WHAT YOU WILL DO: There is one span to output from the data below: the lines starting at the line with "Question 1D asks" and ending at the line with "The first question". Output it exactly, ends included, nothing more.

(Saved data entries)

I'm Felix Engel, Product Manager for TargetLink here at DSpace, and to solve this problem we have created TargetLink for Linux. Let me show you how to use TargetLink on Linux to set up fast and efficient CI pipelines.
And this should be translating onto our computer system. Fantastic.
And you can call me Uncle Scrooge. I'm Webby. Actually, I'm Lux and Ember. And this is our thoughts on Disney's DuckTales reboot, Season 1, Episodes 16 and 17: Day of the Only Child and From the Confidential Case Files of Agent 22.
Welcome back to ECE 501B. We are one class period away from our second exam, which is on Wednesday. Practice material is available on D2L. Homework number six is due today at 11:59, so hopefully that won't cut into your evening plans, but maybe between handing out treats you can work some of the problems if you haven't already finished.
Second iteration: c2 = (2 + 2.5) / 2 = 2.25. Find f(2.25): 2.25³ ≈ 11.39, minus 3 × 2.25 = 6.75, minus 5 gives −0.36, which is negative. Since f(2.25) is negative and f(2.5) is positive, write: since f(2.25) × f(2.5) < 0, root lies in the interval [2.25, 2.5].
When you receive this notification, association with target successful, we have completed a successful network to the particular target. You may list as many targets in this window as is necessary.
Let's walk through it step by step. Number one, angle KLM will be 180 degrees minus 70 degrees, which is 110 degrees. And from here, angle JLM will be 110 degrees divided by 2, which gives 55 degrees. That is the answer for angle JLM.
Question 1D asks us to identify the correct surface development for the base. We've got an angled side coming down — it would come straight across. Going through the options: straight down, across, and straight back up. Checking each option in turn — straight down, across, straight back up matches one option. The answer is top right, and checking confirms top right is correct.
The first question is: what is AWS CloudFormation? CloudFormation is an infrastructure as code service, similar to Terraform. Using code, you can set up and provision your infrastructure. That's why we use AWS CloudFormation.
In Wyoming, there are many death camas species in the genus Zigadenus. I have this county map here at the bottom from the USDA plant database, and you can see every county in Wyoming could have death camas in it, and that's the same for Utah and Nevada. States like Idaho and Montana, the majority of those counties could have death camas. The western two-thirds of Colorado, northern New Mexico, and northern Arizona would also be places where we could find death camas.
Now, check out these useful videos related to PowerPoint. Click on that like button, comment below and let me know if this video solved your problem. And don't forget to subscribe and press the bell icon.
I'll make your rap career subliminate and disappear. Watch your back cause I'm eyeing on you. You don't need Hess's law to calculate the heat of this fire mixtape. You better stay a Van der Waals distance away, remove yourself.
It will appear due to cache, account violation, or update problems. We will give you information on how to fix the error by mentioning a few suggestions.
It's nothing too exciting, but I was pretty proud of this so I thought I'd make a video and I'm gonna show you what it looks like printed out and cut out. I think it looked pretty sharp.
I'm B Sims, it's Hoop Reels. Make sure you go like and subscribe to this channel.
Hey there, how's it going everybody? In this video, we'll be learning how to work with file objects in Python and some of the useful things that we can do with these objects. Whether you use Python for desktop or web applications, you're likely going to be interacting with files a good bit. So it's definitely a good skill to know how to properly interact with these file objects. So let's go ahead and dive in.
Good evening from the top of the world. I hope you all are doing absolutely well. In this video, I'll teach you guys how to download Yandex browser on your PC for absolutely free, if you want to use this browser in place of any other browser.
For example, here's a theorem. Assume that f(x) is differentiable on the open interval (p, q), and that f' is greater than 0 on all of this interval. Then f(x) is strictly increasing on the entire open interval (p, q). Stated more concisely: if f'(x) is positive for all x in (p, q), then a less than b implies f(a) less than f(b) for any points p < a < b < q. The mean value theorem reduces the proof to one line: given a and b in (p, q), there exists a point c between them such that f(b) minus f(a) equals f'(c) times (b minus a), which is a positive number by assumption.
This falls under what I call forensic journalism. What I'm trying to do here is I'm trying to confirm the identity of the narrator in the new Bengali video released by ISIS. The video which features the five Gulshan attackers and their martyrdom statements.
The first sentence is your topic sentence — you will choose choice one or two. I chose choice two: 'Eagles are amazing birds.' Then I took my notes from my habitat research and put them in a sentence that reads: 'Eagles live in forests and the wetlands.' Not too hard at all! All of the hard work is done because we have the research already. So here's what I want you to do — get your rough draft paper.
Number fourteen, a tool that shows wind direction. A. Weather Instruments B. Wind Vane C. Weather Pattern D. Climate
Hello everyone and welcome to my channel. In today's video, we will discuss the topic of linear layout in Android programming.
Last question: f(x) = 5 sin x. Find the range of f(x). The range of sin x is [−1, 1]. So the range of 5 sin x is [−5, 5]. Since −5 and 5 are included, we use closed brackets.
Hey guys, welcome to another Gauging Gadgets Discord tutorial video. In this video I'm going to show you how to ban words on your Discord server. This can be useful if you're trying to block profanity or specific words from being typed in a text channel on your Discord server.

ANSWER TO THE EXERCISE:
Question 1D asks us to identify the correct surface development for the base. We've got an angled side coming down — it would come straight across. Going through the options: straight down, across, and straight back up. Checking each option in turn — straight down, across, straight back up matches one option. The answer is top right, and checking confirms top right is correct.
The first question is: what is AWS CloudFormation? CloudFormation is an infrastructure as code service, similar to Terraform. Using code, you can set up and provision your infrastructure. That's why we use AWS CloudFormation.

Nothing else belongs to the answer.